▸ DATA SHOWN
————

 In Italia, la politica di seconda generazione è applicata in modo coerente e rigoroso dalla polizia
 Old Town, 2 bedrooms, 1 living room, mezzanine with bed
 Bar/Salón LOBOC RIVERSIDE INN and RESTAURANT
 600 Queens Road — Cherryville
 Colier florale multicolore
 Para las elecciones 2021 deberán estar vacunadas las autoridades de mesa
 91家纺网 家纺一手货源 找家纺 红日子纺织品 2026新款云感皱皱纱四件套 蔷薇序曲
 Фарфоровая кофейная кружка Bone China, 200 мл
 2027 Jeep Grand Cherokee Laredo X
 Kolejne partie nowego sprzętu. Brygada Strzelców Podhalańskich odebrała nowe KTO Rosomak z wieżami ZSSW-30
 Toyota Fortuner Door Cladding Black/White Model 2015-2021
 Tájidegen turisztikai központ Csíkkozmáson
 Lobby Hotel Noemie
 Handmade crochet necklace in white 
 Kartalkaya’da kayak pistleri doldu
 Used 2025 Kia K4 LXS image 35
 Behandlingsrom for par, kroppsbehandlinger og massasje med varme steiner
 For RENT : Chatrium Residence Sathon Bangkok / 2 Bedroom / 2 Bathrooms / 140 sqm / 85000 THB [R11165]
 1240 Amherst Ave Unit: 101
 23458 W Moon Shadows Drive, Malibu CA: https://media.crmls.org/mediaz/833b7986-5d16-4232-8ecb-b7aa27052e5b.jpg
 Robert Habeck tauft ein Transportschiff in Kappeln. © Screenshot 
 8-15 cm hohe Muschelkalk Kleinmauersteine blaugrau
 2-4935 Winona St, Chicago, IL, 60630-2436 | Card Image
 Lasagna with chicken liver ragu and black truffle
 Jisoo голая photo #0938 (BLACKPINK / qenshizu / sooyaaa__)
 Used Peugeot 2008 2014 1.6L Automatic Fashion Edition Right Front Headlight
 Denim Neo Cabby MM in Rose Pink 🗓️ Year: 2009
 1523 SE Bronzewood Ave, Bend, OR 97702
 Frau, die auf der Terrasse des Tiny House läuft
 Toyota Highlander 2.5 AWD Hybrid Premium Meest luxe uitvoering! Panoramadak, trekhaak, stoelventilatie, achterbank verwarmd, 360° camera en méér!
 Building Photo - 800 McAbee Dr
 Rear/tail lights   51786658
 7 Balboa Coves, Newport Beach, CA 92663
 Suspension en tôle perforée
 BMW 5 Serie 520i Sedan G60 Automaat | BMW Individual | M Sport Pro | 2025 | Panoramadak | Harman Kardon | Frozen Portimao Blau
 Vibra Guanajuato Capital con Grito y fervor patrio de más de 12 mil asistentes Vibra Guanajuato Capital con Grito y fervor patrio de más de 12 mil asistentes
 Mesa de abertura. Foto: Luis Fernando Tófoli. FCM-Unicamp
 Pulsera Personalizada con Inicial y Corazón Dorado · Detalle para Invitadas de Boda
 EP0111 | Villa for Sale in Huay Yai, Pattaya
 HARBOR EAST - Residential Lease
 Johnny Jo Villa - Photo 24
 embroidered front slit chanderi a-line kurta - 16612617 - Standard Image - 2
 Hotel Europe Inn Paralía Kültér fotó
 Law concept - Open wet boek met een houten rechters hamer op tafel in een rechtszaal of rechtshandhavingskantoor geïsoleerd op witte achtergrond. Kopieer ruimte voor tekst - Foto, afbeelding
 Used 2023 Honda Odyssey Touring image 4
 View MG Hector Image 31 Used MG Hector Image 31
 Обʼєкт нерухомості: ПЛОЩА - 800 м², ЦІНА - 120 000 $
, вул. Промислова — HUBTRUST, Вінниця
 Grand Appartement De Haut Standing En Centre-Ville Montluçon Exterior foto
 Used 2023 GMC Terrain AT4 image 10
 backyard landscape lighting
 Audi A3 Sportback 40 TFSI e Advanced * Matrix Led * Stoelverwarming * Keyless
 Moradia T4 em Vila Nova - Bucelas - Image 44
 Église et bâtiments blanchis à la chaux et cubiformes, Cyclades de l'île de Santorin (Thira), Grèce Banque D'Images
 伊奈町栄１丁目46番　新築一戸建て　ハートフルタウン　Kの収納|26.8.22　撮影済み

————

▸ TASK TO COMPLETE
With the line holding "1240 Amherst Ave Unit: 101" as the first and the line holding "Jisoo голая photo" as the last, please transcribe exactly the lines of the material above in that range and nothing else.

▸ OUTPUT OF THE TASK
 1240 Amherst Ave Unit: 101
 23458 W Moon Shadows Drive, Malibu CA: https://media.crmls.org/mediaz/833b7986-5d16-4232-8ecb-b7aa27052e5b.jpg
 Robert Habeck tauft ein Transportschiff in Kappeln. © Screenshot 
 8-15 cm hohe Muschelkalk Kleinmauersteine blaugrau
 2-4935 Winona St, Chicago, IL, 60630-2436 | Card Image
 Lasagna with chicken liver ragu and black truffle
 Jisoo голая photo #0938 (BLACKPINK / qenshizu / sooyaaa__)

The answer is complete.